Sunday, 11 December
Today I am up at 6am, preparing for a day on the lagoon. Seven people are going out for a day of fishing. We will be taking two boats of which I will pilot one, as part of my on-the-water training experience. We are underway by 7:30, the day is starting out promising, with calm waters and light clouds. Our destination is “rouge alley”, a branch of N’Dogo lagoon near Sette Cama consisting of islands and peninsulas overhanging with jungle vegetation, waters especially abundant with carpe rouge, a fish more similar to bass than carp. We arrive within the hour with a plan to troll around the islands and along the overgrown peninsulas, pulling lures as close to shore as water depth will allow. Averaging 1 to 2 metres of fishing depth, we dodge the numerous submerged and overhanging trees and hanging root-stalks of the mangroves. The first hour passes without luck as we each try lures of different colors in hopes of finding success. Soon after, a rouge is landed on a blue and silver lure, and blue becomes the dominant lure-color of our success today. We have great views of the forest edging the water.
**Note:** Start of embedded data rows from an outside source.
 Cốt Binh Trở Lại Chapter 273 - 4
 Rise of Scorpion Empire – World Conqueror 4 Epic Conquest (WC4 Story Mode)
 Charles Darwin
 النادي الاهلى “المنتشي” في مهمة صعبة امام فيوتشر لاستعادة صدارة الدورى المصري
Clusters of pandanus with heavy, pineapple-looking fruits sprout from stilted rootstalks, their crowns dripping with serrated sword-shaped leaves. Graceful climbing palms ascend into the canopy on slender stems. The large leaves of this palm, divided into many leaflets, end in a long cirrus, an extension of the leaf lined with serrated hooks that grip into surrounding vegetation, allowing the stem, which cannot support itself, to climb towards the canopy. I learned last week that this palm is a dangerous plant to pass under, as the hooked leaves will tear into flesh and clothing with painful tenacity and require careful removal to minimize injury.
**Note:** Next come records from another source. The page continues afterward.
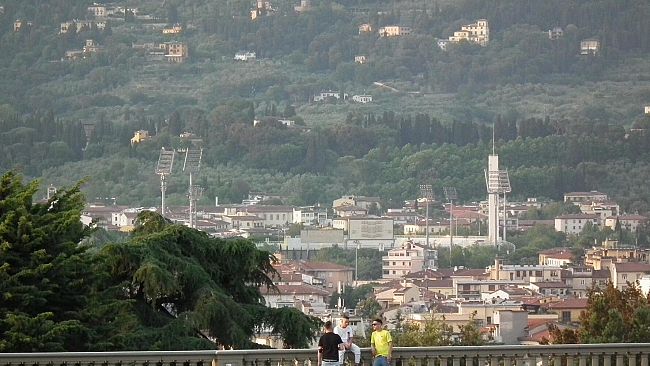 Fiera di Primavera al Campo di Marte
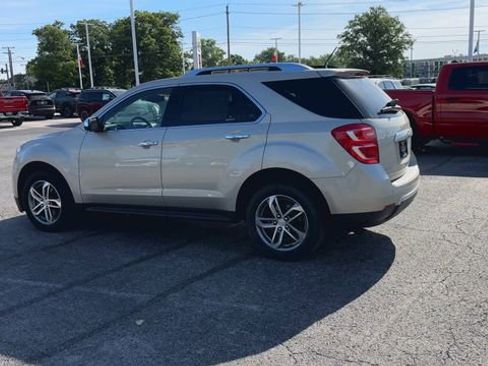 Used 2016 Chevrolet Equinox LTZ w/ Enhanced Convenience Package FWD image 7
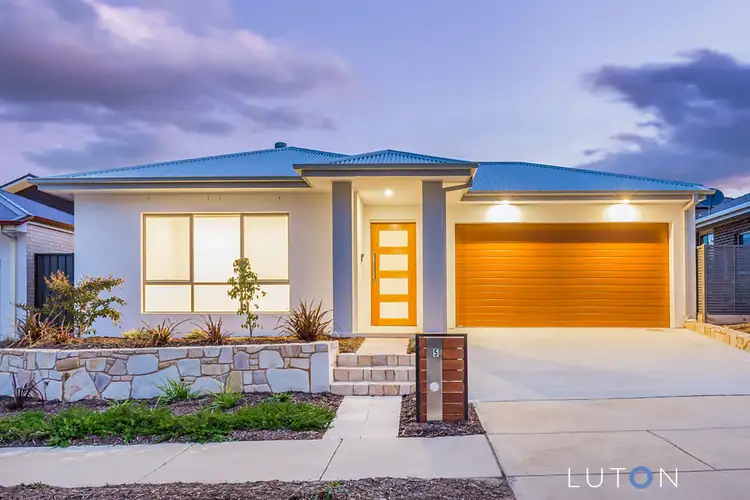 Main view of Homely house listing, 5 Philip Hodgins Street, Wright ACT 2611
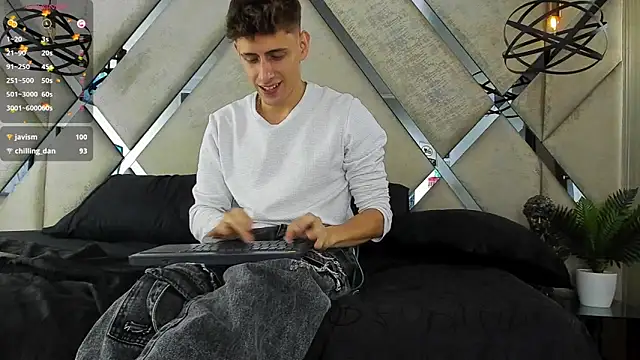 Jasper__jones webcam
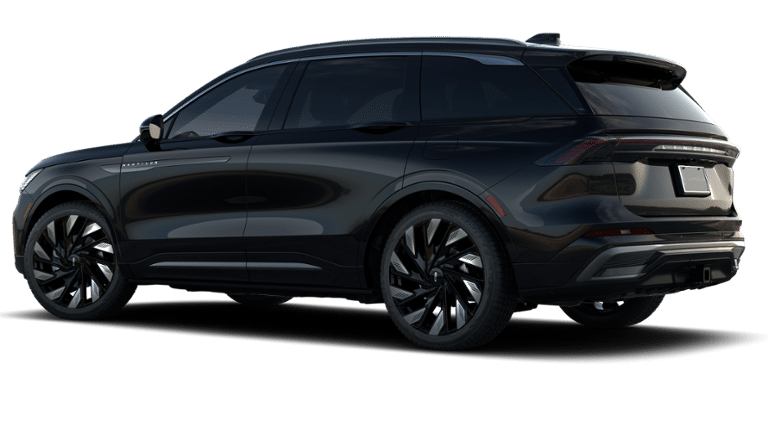 2026 Lincoln Nautilus Black Label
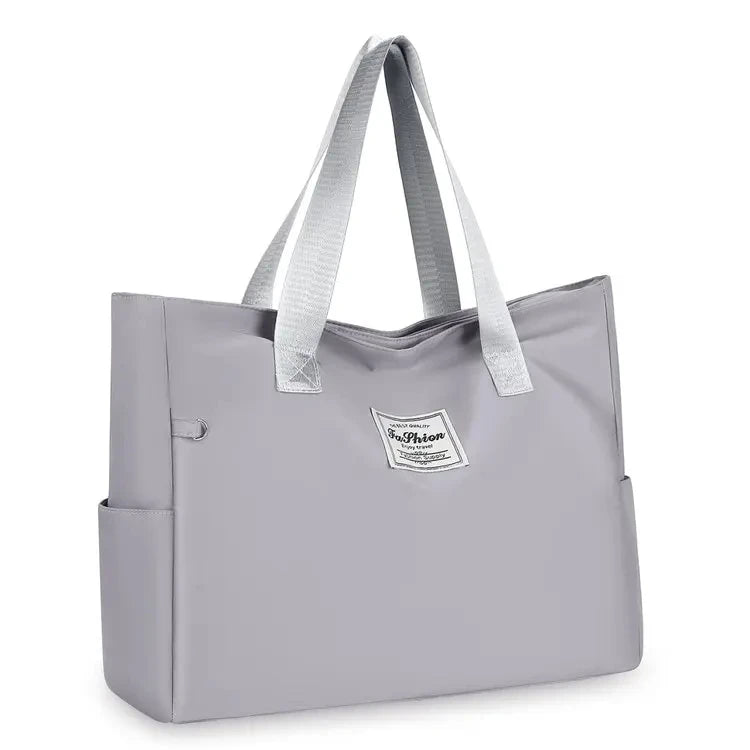 Waterproof Oxford Duffle Bag Large Capacity Women Travel Bags Shoulder Bag Valise Bolsa De Viagem Women's Handbags Shopping Bags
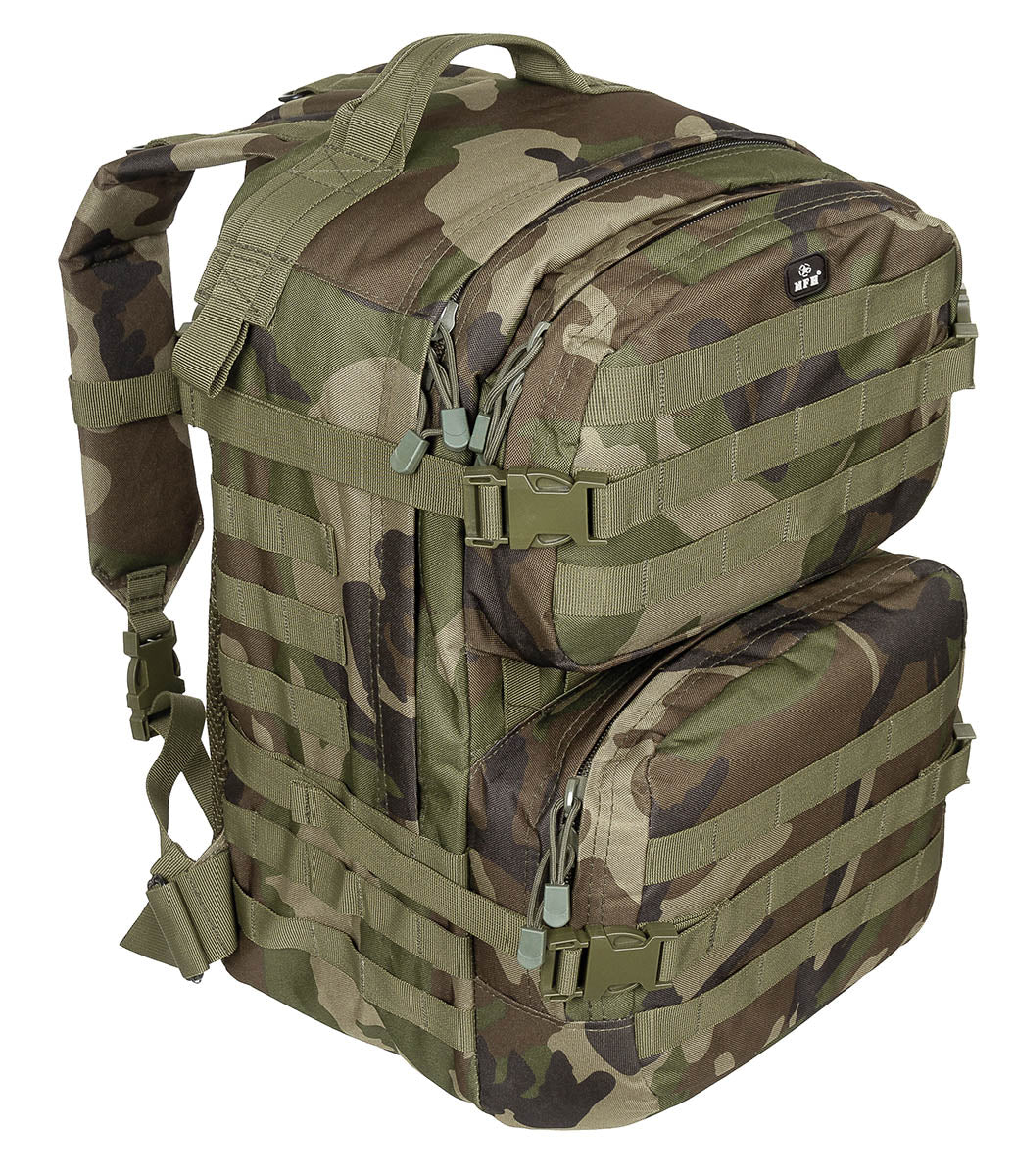 Rucsac de asalt US Assault II MFH 40L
Other trees extend out over the water’s edge, creating pockets of mysterious shadow along the banks, their branches supporting the occasional monitor lizard that slips into the dark waters as we pass. Another monitor lizard, sunning itself on a partially submerged deadfall, is reluctant to leave its perch in the warm sun, and we approach within a few metres before it clambers into the water to swim lazily toward cover. The forest echoes with birdcalls, and we hear the loud croaking call of a great blue turaco, then see the fowl-sized bird high in the canopy, gliding between trees and scampering among branches. Pockets of cicaedas scream their ear-piercing alarm-buzz from the understory as we troll past, an understory of a thousand shades of green, popping through the hazy sunshine to mute into the depth of forest shadow. Circling back to familiar waters, we take a moment to organize rods and tackle, and suddenly alongside the boat is a tremendous swell and rush of water, indicating something of substantial size has approached the water’s surface alongside the boat, then retreated. A mystery to everyone on board, we wonder if perhaps a hippo, or some monstrous fish, or even a crocodile…
Returning through a narrow channel between islands, we cut power to let a herd of approximately 25 red river hogs, le Potamochére, swim by with snouts high in the air, dog-paddling with determined but feeble efforts toward adjacent shore.
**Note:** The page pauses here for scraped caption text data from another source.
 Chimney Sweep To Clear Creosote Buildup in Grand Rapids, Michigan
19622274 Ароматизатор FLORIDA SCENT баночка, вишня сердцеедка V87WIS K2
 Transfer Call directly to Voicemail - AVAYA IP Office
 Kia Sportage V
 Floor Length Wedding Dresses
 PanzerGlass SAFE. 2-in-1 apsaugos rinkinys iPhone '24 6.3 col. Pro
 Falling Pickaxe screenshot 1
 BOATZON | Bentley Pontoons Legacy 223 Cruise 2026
A half-dozen piglets have difficulty swimming a straight line. Likely their first time in the water, the tiny piglets bob and turn in the water as we approach, their striped and spotted bodies the last to find shore. They struggle through the shore vegetation and rush, squealing, in search of family.
By 1:30pm, we have ten rouge in the coolbox, and pack away fishing equipment for the hour-long return to Shell jetty. A cooling breeze has picked up and there is a chop on the water as we cross the expanse of N’Dogo lagoon.